Teenagers walked around picking thru sharp pieces of metal which once were parts of a car. Toys, computers, mattresses and kitchen appliances were everywhere in haphazard piles of cinder-block debris.

"They say we support terrorism," a Saudi civil defense official told me today standing in the rubble of the al-Hamra residential compound. "We are victims like everyone else."

Spending a couple of hours walking through the area, which was one of three neighborhoods attacked by terrorists Monday night, you could see what he meant. As police and rescue personnel sifted through personal belongings and ordinary household items, residents of the area stood around and talked to their neighbors or tried to find a child's favorite stuffed animal, a family photo album or personal papers.

One resident, fighting back tears, told a small group of American reporters, "I hope you write about the Saudis and Muslims who died here. The Christian Arabs." He lost a close friend and was here to console his friend's wife, 8 months pregnant with the couple's first child.

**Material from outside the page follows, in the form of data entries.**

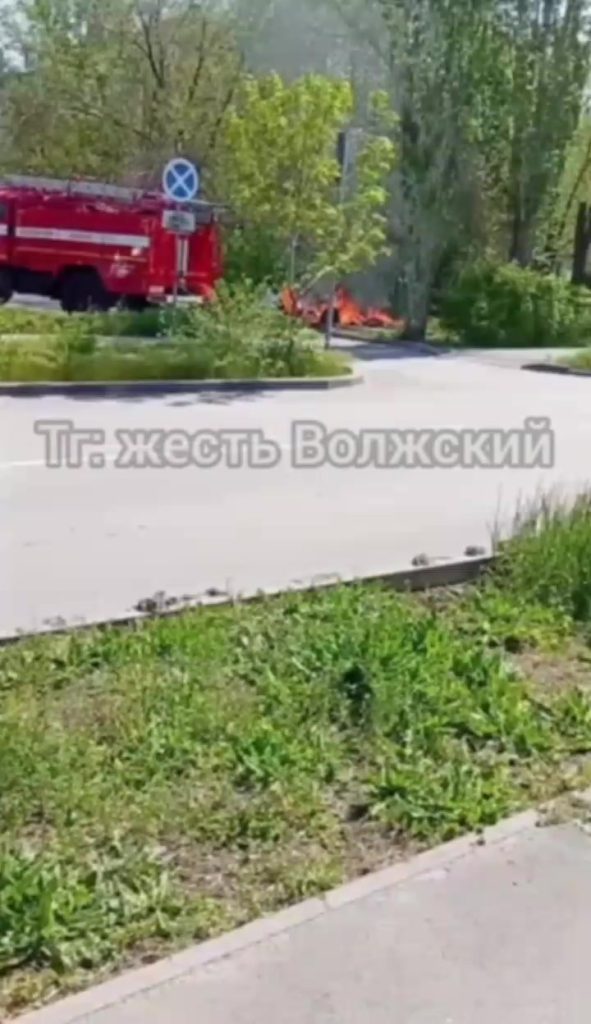 На улице Московской в Волжском произошел пожар из-за поджога мусора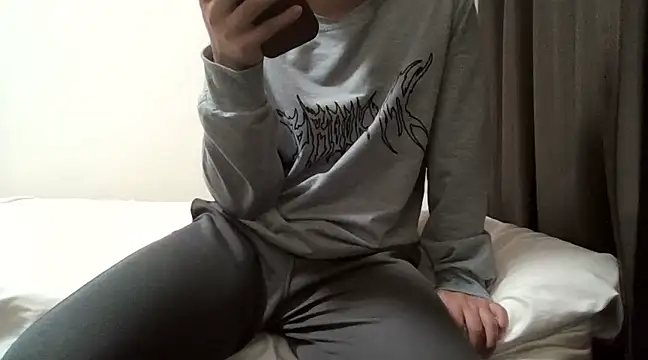 YU-KI00 online show from March 12, 1:08 pm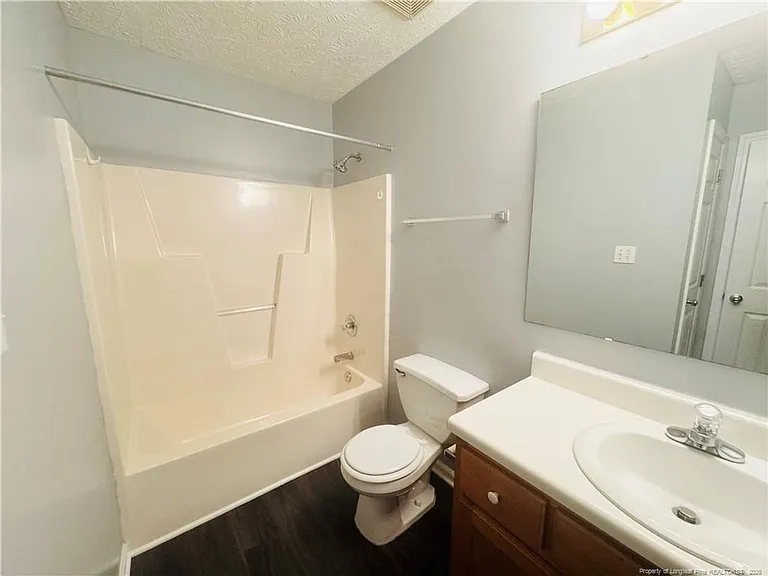 233 Bahia Ln — Photo 8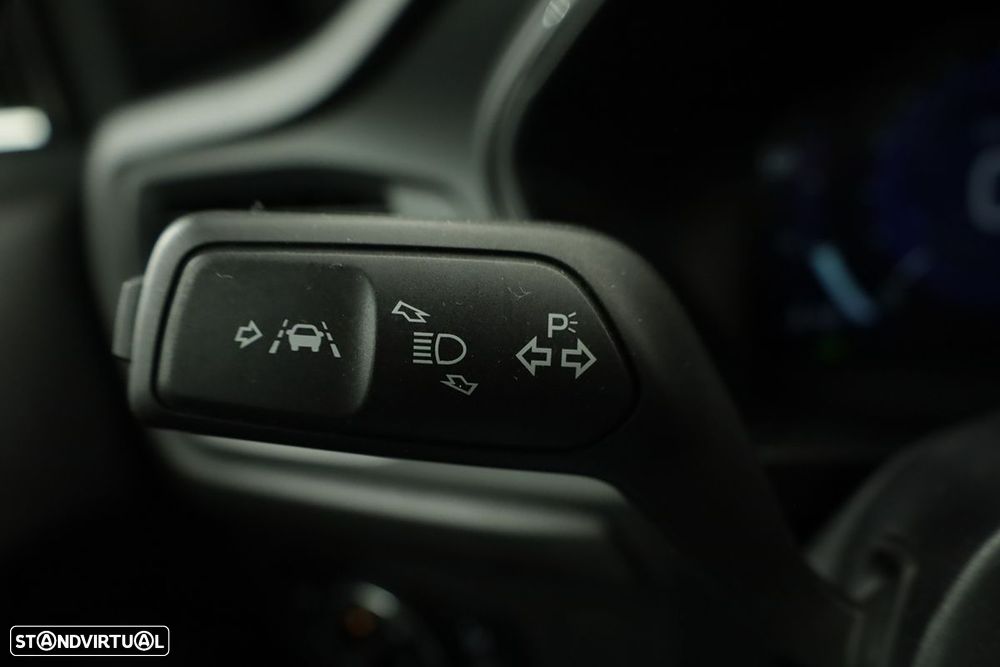 Ford Focus 1.0 EcoBoost MHEV ST-Line - 18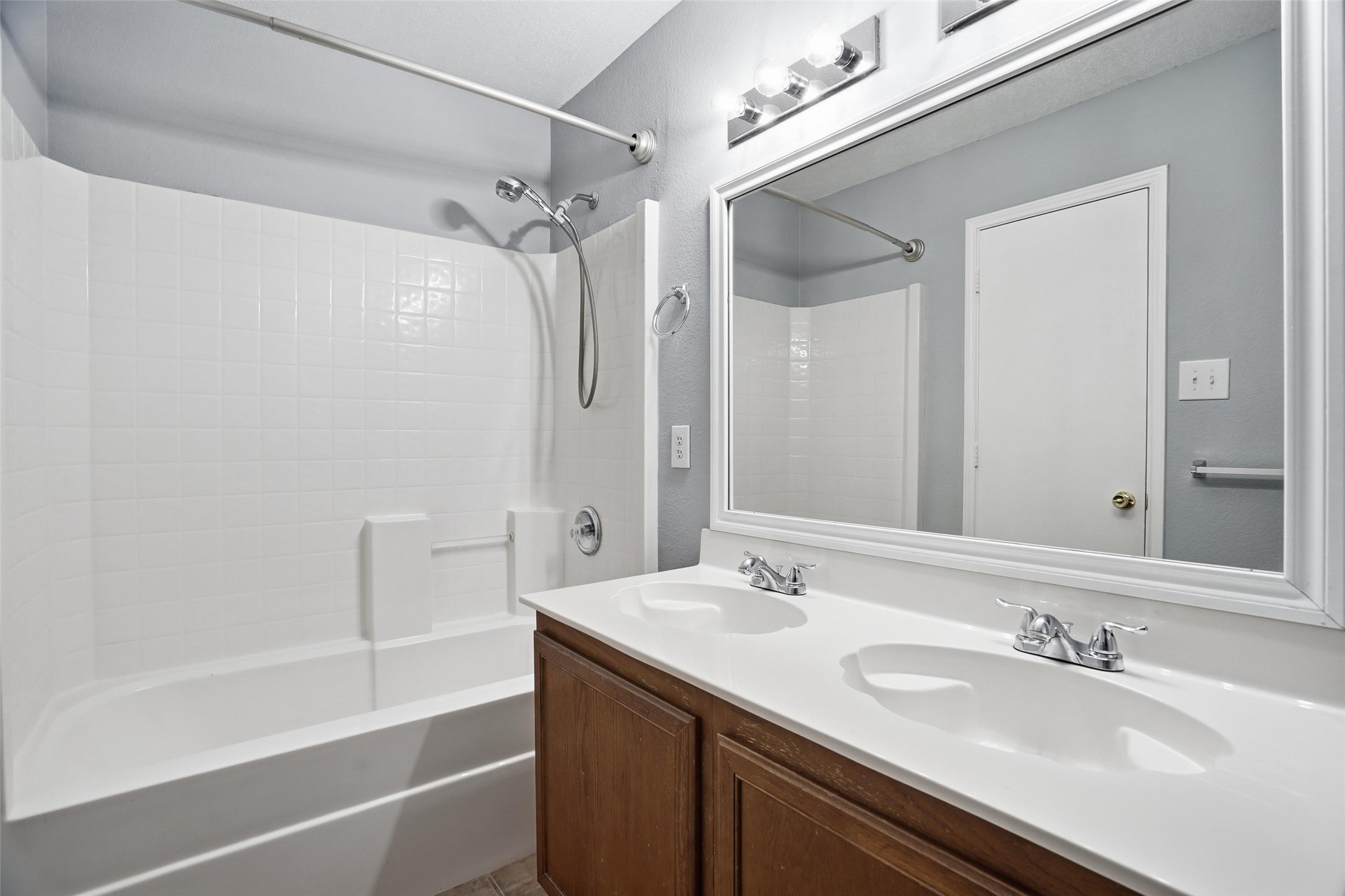 521 Oriel Circle Fort Worth TX 76036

A young African woman, married to an American, was holding her sister's two-week-old baby -- whose eye was injured in the attack. She plans to leave. "It's not safe here," she said. "Today this happened. Maybe tomorrow something else." Meanwhile her sister was sifting through what was left of her house, looking for passports -- so her family could leave the country.

Residents admitted to being in shock, as they walked the area looking at the twisted hulks of what had once been their cars. Residents said the bomb blast sent the car that brought the explosives flying through the air. It came down in a nearby swimming pool. Officials drained the pool and took away what was left of the vehicle.

The scene drew others too. A young Saudi investment banker with an MBA from Georgetown said he lost four of his closest friends. He would have been here too, except he said he had to stay at the office: "I'm the luckiest SOB in the world. I had to wait until the stock market in the States closed." After chatting for a few minutes he said, "we really have to go now. We have to go to the morgue."